THE OLYMPICS / WINTER GAMES AT ALBERTVILLE : Parisien Slides From First to Fourth : Slalom: American plays it a little too safe on second run. Kronberger wins her second gold.
MERIBEL, France — In the Olympics, fourth place is no place, as Austria’s Petra Kronberger discovered last Tuesday in the women’s super-G. Julie Parisien found it out Thursday the hard way, after leading the first run of the slalom.
Teaching the 20-year-old American this lesson were Kronberger herself and a couple of skiers from lesser Alpine nations, Annelise Coberger of New Zealand and Blanca Fernandez-Ochoa of Spain. They all managed to overtake Parisien in the second run on another sunny day in the Savoy and win the gold, silver and bronze medals, in that order.
By winning, Kronberger proved without doubt that she is the world’s best female skier of the early 1990s. It was her second gold medal of these Winter Games (kind of an early celebration of her 23rd birthday today) and a stunning addition to her previous credits--World Cup overall champion in both 1990 and ‘91, and downhill gold medalist in last year’s World Alpine Ski Championships.
Kronberger, who also tops the current World Cup standings, can do it all, as she showed last week by winning her first Olympic gold medal in the Alpine com- bined.
Third in the first run, just 0.06 of a second behind Parisien and 0.03 behind Fernandez-Ochoa, Kronberger said: “I knew I had to ski as fast as possible in the second run because there were so many girls who could make good times.”
That she did, uncorking the second-fastest run, 44.40 seconds, to move into the lead with a total time of 1:32.68, beating Coberger by 0.42, with Fernandez-Ochoa taking third, another 0.25 back. Coberger, incidentally, had made the speediest second run, in 44.08, moving from eighth to second place.
Parisien, of Auburn, Me., was beaten before she started.

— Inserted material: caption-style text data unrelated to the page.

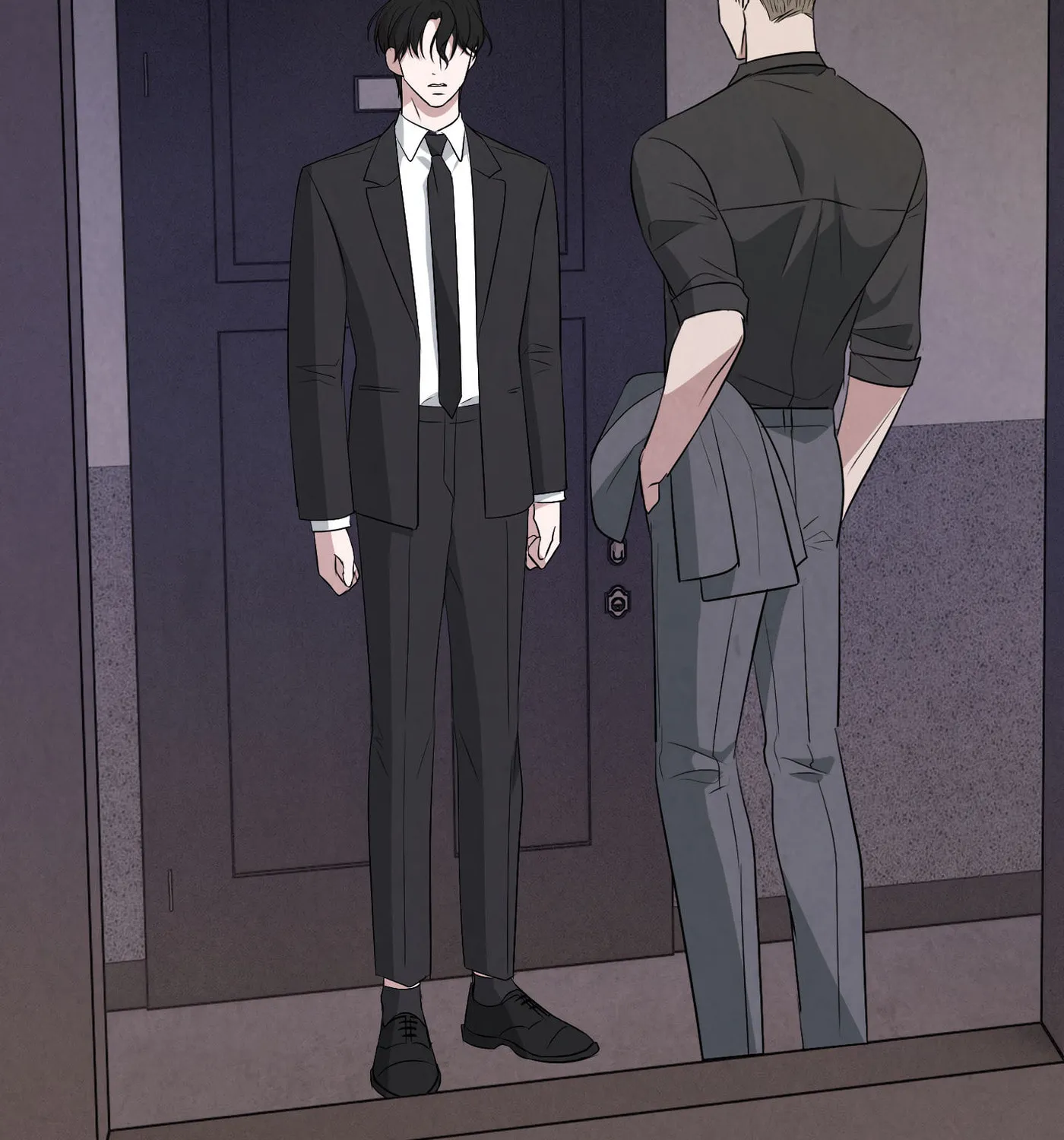 Dear, My killer Chapter 1 page 50 - 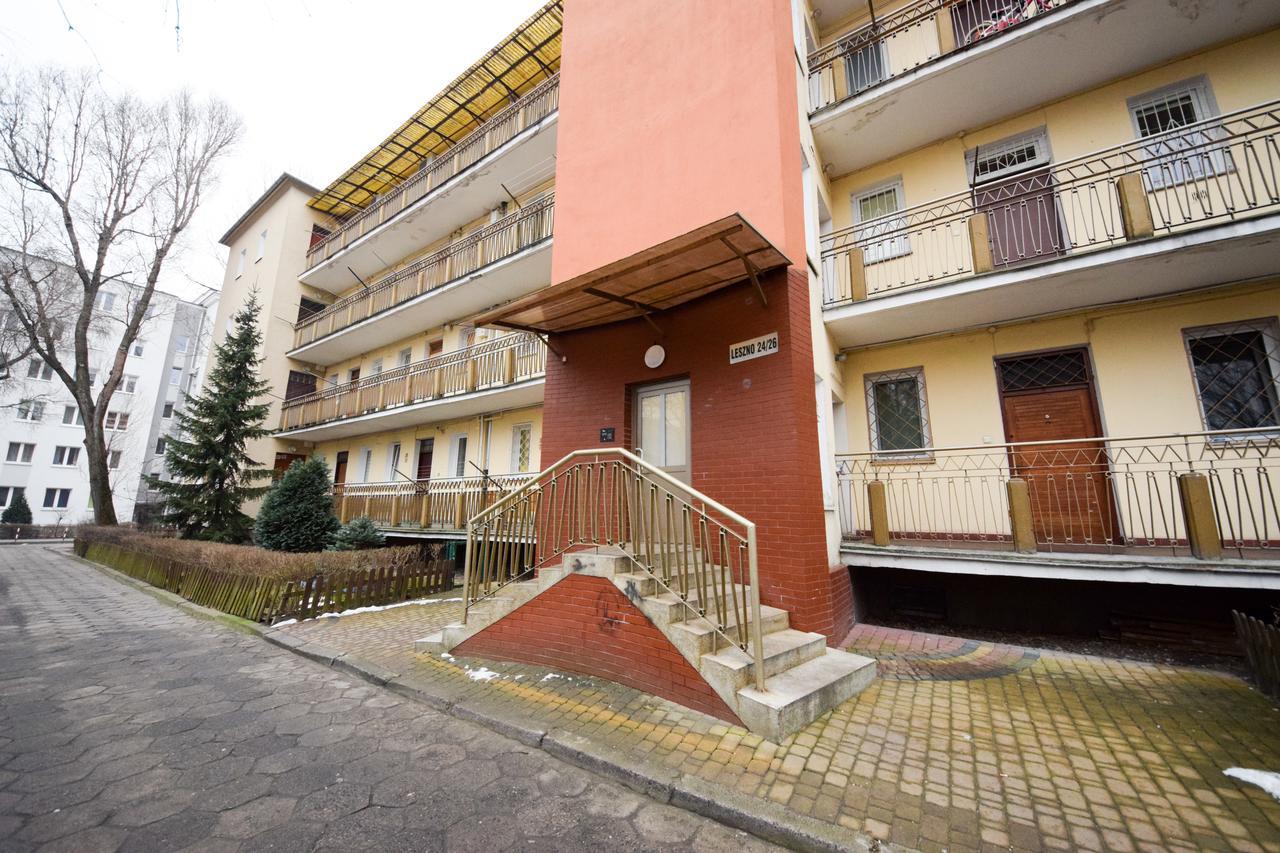 Shortstaypoland Leszno Varsóvia Exterior foto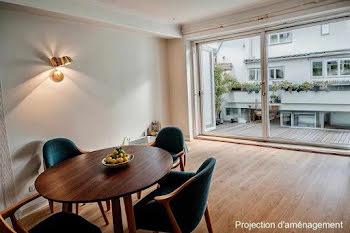 appartement à Clermont-Ferrand (63)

“I said to myself last night that the only thing I didn’t want was to be first after the first run,” she said. “This was the first slalom I’ve led all year, and it’s in the Olympics. That put a lot of pressure on me.”

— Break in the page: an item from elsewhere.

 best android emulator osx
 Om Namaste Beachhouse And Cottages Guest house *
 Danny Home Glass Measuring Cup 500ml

The pressure proved too great. She could muster only the seventh-fastest second run and fell 0.05 short of the bronze medal.
“I was a little bit sluggish,” she said. “I didn’t quite feel the power in the start that I did after the first run, but I gave it everything I could at the moment. I should have gone for it more instead of thinking, ‘Finish, just finish and you can be in the medals.’ But next time I’ll get ‘em. I’m young and I’ve got a long way to go, so this is a good start.”
Parisien said her broken wrist “had no real effect on what happened,” but Dr. Richard Steadman, who treated her last month, noted: “She was the only skier in the race wearing a cast.”
Fernandez-Ochoa, 28, who has raced in two previous Olympics--at Sarajevo in 1984 and at Calgary in 1988--without getting a medal, said Parisien “didn’t take enough risks and just tried to get down the hill, but she’s only 20 and in her first Olympics.”
Coberger is the same age as Parisien, yet she skied off with the silver medal.
“I had nothing to lose after my first pathetic run, so I went all out and it paid off,” she said. “I’m sure it’s a shock that someone from New Zealand has won a medal, but I hope people get used to the idea, because I don’t plan to go away too quickly.”
Coberger, whose name sounds German because her grandfather came from that country, learned to ski in the mountains of New Zealand, where her father owns a ski shop. She spent a couple of years in Steamboat Springs, Colo., working with a Swiss coach, and did not come completely from nowhere to the Olympics, having already won a World Cup slalom this season. She is a close third in the slalom standings behind Vreni Schneider and Fernandez-Ochoa.
As for Schneider, this was supposed to have been her chance to make up for failing to finish Wednesday’s giant slalom, when she blew her first try at duplicating Italian Alberto Tomba’s feat of winning gold medals in the same event at successive Olympics. The 27-year-old Swiss veteran placed fifth in the first run Thursday but skied too conservatively the next time and wound up seventh.
So Schneider, a double Olympic gold medalist in 1988, returns home this time with nothing to show for her two days of racing.
Kronberger, meanwhile, goes back to Austria with two gold medals of her own.
Asked if, given the choice, she would have preferred to win one of them in the downhill rather than the slalom, she said: “The downhill is a popular event. But they are equal. Besides, in the slalom, you have to make two runs.”
All too true, unfortunately, for Julie Parisien.